Visiting Mars might sound like science fiction, but plenty of dreamers think it might soon be possible. SpaceX and Mars One have promised to colonize Earth's nearest neighbor within decades, and the cold, red planet eventually could become an epic tourist destination.

Julien Mauve envisions what this might look like in his playful series Greetings from Mars. Such a future is all too predictable: seemingly self-absorbed people in space suits roam the awe-inspiring terrain armed with smartphones, cameras and selfie-sticks. Like dogs marking their territory, the earthlings seem more interested in documenting their presence than contemplating the jaw-dropping vistas. "These are all tourist habits that have developed with photography," Mauve says. "I assume we’ll act the same on another planet."

Mauve shot the images in April during an eight-day, 4,000-mile road trip during which he meandered from California to Utah. The otherworldly scenery provided a close approximation of the Martian terrain revealed by the Curiosity rover (which explains why movies like John Carter have been filmed there). He rented replicas of the ESP-A7L space suits worn on the Apollo missions from an LA production company. “They wouldn’t be the suits you’d use for a Mars mission, but my goal was more to get close to the cliché we have in mind when we think of an astronaut,” he says.

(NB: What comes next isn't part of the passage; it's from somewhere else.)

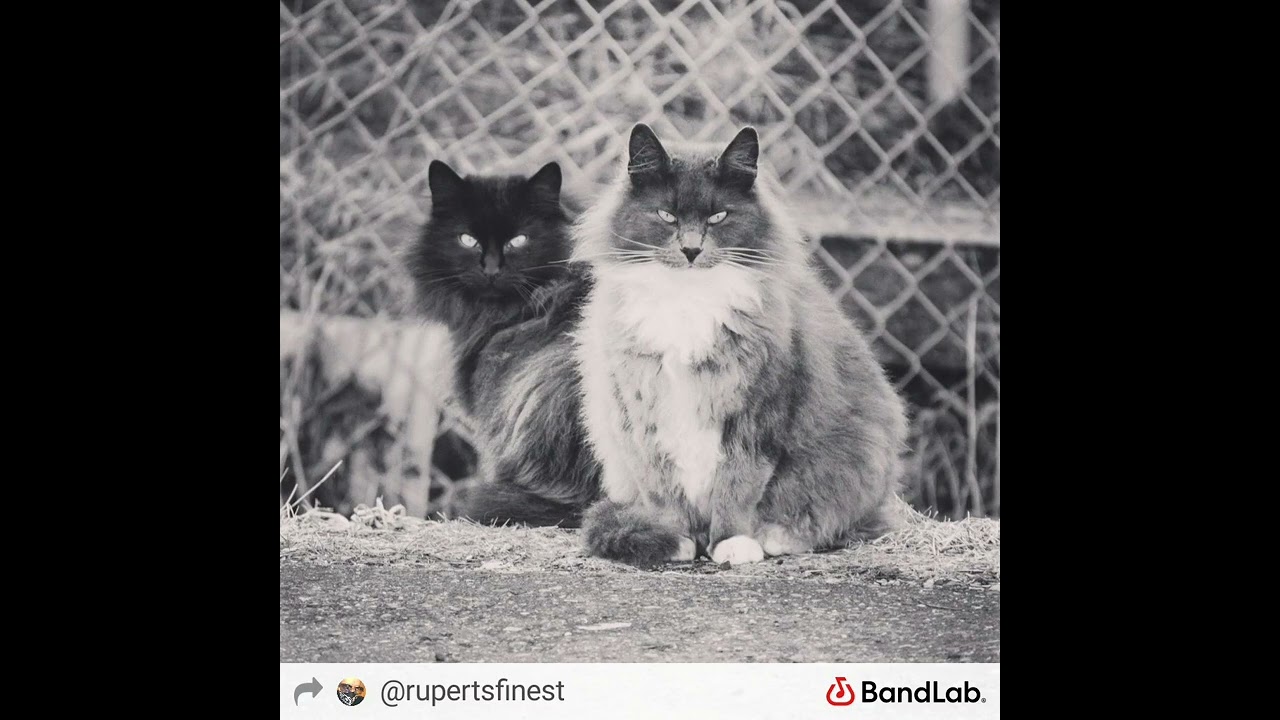 interludes w/ voices chorus by baconchristsuperstar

He and a friend donned the suits to cavort in the desert like any selfie-sticking oblivious tourists would. Sometimes Mauve triggered the shutter with his phone; other times he set a 10-second timer and ran into the frame. He used Photoshop to remove plants, trees, and other signs of life, then tweaked their colors to conjure the Red Planet's famously rusty, sulphuric hue.

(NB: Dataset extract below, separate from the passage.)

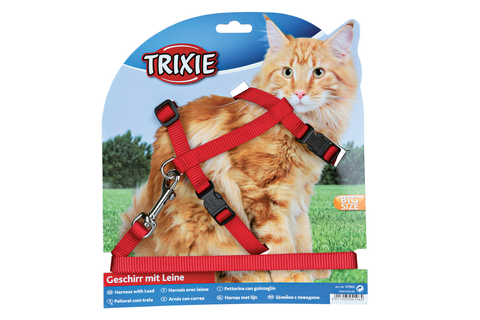 Petsmart cat clearance harness and leash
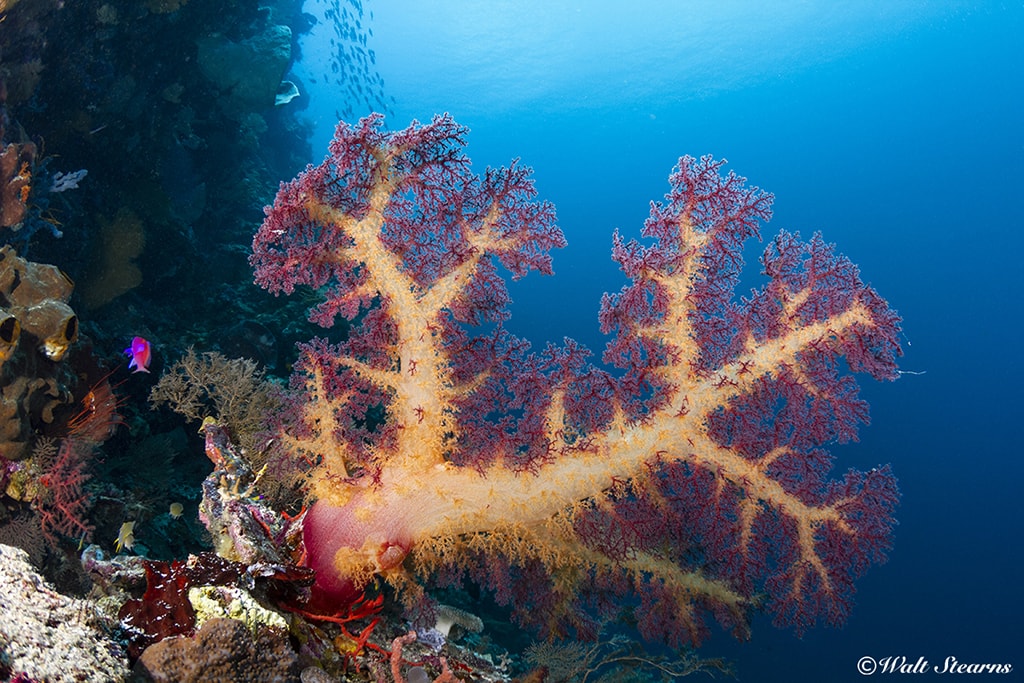 A soft coral tree adds color and interest to an underwater wall near Mabul.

His photographs are eerily cinematic, and, like the movies, weirdly convincing. Even when the landscapes are recognizably terrestrial—the Grand Canyon or Death Valley, for example—they serve as a reminder that the West once seemed as alien as Mars does today. National parks and photo-op hotspots still draw hordes of shutterbugs eager to prove "I was here." Mauve doesn’t see any reason why the same thing wouldn't happen in space, should tourists ever get there.

"The fact that we may witness it in our lifetime, just as our parents and grandparents [witnessed the moon landing] in the '60s, makes it even more exciting," he says. "The Internet nearly broke when Felix Baumgartner jumped from the stratosphere, so just imagine what will happen the day we step foot on Mars."

Despite his optimism about space travel, Mauve’s images ultimately are a parody of how snapping and sharing a photo has become the culmination of every exploratory experience. Travelers don’t even have to wait to get home and have their film developed at the local Walgreens; they can shoot and post a photo within seconds. "There is no being far away anymore," he says. "So we might ask ourselves: Do we travel to discover new places and cultures, or do we travel to take pictures of ourselves and prove that we exist?"